• Aim of the exercise: Starting with the first line and ending with the line that holds "Hi guys, I'm", repeat the material exactly.

☆ ☆ ☆ ☆ ☆

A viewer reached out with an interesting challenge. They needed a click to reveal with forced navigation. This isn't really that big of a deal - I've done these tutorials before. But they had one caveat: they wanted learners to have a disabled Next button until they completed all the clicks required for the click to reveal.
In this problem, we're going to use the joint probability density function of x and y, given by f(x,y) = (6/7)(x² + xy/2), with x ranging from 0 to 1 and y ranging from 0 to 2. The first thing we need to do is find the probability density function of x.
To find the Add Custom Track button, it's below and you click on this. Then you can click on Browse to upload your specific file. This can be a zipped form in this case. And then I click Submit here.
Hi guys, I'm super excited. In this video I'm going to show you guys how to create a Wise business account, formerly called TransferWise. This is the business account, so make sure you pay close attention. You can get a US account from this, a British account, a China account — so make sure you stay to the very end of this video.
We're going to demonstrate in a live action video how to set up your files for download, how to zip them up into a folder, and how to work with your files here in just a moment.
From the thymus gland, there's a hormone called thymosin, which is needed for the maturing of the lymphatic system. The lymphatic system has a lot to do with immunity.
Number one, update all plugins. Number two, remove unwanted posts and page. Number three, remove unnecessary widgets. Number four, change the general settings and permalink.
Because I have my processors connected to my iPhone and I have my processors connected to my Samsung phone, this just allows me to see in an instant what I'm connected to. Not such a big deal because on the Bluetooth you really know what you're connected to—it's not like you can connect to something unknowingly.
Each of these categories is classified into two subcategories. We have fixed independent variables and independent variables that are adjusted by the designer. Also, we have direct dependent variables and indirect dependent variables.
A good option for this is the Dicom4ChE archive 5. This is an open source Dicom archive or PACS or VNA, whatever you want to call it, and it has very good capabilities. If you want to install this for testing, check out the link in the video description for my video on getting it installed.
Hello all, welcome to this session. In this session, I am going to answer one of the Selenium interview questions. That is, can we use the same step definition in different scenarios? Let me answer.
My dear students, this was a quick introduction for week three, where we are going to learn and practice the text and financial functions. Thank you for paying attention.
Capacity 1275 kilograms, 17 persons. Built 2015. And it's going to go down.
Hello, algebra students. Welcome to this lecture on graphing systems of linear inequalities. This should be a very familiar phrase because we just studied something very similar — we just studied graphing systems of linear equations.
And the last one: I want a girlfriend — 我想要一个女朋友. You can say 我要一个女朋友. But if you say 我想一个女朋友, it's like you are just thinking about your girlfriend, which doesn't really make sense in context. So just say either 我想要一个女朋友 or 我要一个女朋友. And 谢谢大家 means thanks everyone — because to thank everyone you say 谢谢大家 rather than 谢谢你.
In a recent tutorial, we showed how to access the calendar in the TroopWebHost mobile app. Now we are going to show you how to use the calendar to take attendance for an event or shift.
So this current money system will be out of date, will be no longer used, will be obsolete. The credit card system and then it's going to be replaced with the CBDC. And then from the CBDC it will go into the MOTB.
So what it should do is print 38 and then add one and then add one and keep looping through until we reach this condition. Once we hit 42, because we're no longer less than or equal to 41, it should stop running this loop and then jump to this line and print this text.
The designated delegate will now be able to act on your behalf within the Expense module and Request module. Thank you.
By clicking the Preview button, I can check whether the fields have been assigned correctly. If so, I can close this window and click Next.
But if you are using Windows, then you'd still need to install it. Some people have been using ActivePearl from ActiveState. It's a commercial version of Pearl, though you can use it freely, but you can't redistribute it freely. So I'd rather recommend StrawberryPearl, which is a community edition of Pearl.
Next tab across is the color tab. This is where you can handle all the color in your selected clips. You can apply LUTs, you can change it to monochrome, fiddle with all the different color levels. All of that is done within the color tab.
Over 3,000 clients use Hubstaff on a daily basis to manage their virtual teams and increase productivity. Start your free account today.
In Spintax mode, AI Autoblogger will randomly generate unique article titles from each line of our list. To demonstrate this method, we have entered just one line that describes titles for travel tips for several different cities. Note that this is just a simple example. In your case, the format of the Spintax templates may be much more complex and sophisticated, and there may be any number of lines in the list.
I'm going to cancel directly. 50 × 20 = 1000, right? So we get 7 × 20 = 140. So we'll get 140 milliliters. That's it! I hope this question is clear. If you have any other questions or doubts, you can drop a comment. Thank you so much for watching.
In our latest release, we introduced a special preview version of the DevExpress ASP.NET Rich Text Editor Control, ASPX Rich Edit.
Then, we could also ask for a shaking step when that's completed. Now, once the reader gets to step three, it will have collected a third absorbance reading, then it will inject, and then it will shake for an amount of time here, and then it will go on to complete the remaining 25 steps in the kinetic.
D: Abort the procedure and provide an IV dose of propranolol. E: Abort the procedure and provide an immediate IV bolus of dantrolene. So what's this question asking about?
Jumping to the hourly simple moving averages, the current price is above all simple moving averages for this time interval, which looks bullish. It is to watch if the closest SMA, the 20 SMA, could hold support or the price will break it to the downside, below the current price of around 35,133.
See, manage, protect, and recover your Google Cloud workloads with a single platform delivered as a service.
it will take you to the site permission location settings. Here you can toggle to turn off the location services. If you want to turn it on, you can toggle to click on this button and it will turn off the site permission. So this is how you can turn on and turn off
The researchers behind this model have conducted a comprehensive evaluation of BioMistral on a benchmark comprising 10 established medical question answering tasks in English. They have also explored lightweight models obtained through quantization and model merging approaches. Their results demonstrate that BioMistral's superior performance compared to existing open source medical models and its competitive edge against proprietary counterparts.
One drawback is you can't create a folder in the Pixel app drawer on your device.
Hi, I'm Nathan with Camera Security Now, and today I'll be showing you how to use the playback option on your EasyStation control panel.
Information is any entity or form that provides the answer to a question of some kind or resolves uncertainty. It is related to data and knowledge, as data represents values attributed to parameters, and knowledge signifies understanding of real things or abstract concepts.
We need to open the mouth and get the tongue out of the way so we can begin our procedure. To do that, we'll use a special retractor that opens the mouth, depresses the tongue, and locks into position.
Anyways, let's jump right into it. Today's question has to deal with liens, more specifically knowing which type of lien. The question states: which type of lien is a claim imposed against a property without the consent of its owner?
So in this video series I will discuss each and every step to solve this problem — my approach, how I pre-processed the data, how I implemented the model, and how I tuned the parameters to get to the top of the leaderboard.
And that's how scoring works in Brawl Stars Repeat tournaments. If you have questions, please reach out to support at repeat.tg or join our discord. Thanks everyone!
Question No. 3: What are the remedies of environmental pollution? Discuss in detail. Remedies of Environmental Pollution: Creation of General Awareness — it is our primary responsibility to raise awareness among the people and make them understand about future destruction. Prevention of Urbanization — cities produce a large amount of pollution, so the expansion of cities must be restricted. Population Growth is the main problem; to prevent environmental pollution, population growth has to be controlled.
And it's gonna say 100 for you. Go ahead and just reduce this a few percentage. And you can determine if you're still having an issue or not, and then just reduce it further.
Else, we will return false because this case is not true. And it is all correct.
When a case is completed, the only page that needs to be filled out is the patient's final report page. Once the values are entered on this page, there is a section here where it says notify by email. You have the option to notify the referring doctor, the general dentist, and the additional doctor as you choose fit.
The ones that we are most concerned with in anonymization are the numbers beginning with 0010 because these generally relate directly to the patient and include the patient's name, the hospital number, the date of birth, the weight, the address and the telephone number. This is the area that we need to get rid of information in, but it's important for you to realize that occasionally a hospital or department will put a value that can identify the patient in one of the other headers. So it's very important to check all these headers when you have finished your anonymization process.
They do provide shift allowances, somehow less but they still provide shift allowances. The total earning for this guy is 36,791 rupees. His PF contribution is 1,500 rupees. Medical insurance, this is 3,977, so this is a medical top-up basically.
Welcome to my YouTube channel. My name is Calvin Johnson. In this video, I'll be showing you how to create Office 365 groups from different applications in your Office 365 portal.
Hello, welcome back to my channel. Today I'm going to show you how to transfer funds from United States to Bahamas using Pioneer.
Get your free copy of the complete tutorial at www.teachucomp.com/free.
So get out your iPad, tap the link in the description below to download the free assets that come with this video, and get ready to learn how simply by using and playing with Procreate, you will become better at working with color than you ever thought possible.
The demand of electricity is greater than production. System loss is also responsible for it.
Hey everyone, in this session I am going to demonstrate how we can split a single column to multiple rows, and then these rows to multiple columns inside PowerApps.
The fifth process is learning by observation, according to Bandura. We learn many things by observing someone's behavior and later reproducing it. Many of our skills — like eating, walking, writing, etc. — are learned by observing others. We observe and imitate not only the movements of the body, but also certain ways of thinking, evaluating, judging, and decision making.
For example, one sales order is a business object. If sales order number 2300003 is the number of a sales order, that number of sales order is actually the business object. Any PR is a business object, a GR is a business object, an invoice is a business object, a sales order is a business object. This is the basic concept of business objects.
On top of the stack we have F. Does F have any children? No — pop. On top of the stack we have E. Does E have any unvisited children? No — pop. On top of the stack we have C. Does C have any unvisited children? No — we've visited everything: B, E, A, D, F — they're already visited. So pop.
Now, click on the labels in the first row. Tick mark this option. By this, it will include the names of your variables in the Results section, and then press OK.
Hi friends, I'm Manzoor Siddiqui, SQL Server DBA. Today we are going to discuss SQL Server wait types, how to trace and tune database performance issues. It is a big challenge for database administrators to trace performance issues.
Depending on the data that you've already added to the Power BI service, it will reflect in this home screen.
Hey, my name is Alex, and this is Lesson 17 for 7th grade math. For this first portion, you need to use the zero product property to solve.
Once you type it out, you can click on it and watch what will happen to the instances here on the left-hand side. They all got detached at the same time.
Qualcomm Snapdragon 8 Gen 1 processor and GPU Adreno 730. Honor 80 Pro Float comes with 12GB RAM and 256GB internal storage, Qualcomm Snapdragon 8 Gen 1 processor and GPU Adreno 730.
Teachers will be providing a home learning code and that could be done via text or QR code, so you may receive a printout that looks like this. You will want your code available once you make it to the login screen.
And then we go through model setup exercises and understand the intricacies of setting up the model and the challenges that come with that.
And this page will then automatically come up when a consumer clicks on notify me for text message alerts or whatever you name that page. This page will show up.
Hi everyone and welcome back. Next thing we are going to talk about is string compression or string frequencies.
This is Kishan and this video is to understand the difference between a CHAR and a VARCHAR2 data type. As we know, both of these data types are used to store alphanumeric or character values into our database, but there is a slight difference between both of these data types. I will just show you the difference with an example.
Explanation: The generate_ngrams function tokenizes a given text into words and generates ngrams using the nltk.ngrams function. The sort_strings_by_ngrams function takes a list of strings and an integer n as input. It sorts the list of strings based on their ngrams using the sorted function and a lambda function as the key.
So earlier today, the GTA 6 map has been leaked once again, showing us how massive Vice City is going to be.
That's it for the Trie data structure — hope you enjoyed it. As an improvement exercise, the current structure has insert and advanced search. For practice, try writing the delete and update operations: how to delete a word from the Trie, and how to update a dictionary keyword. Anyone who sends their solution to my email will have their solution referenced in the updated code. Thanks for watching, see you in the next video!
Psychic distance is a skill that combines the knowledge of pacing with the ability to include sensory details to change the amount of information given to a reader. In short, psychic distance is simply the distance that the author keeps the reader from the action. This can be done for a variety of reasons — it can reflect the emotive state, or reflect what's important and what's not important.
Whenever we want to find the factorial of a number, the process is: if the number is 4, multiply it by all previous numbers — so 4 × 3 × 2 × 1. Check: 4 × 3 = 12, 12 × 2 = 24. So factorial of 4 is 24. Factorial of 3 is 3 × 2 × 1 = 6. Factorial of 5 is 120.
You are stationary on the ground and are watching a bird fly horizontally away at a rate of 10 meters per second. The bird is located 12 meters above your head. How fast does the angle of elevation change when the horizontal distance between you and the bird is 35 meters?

☆ ☆ ☆ ☆ ☆

• Written response:
A viewer reached out with an interesting challenge. They needed a click to reveal with forced navigation. This isn't really that big of a deal - I've done these tutorials before. But they had one caveat: they wanted learners to have a disabled Next button until they completed all the clicks required for the click to reveal.
In this problem, we're going to use the joint probability density function of x and y, given by f(x,y) = (6/7)(x² + xy/2), with x ranging from 0 to 1 and y ranging from 0 to 2. The first thing we need to do is find the probability density function of x.
To find the Add Custom Track button, it's below and you click on this. Then you can click on Browse to upload your specific file. This can be a zipped form in this case. And then I click Submit here.
Hi guys, I'm super excited. In this video I'm going to show you guys how to create a Wise business account, formerly called TransferWise. This is the business account, so make sure you pay close attention. You can get a US account from this, a British account, a China account — so make sure you stay to the very end of this video.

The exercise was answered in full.